Let $A$ be a Dedekind domain and a non-zero ideal $N$; we consider the commutative ring $R = A/N$.

Let $S$ be a linearly independent subset of $R^m$. Can $S$ necessarily be extended to a basis of $R^m$?

Answer 1

Yes (and the assumption that $R$ is finite is unnecessary; you just need $N$ to be a nonzero ideal).
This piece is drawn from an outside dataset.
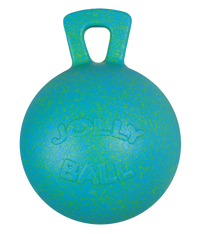 Jolly Ball Oceaangroen (appel)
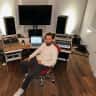Review by Julien Fade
Factoring $N$ into prime ideals as $\prod P_i^{d_i}$, the Chinese remainder theorem gives $R\cong \prod A/P_i^{d_i}$. Working on each coordinate separately, we may thus assume that $N=P^d$ for some prime $P$. We can then localize at $P$ and assume $A$ is a DVR with maximal ideal $P$ generated by a uniformizer $p$ and $R=A/P^d$.

Now I claim that the linearly independent set $S$ remains linearly independent over $R/P$ in the quotient $(R/P)^m$. Indeed, a linear relation mod $P$ would give scalars $c_s\in R$ such that $\sum_{s\in S} c_ss \in P$ but $c_s\not\in P$ for some $s$. This just means that $\sum c_s s$ is divisible by $p$, and thus is annihilated by $p^{d-1}$. That is, $\sum p^{d-1}c_ss=0$. But this is a nontrivial relation among the elements of $S$, since some $c_s$ is not in $P$ and thus $p^{d-1}c_s$ is nonzero for that $s$.

We can thus extend $S$ to a set $T$ whose image mod $P$ is a basis for the vector space $(R/P)^m$ over $R/P$. By Nakayama, $T$ generates $R^m$, and thus is a basis since it has $m$ elements (it induces a surjective homomorphism $R^m\to R^m$ which is then automatically an isomorphism; see Surjective endomorphisms of finitely generated modules are isomorphisms though there are simpler arguments you can give in this case since $R$ is Noetherian and even Artinian).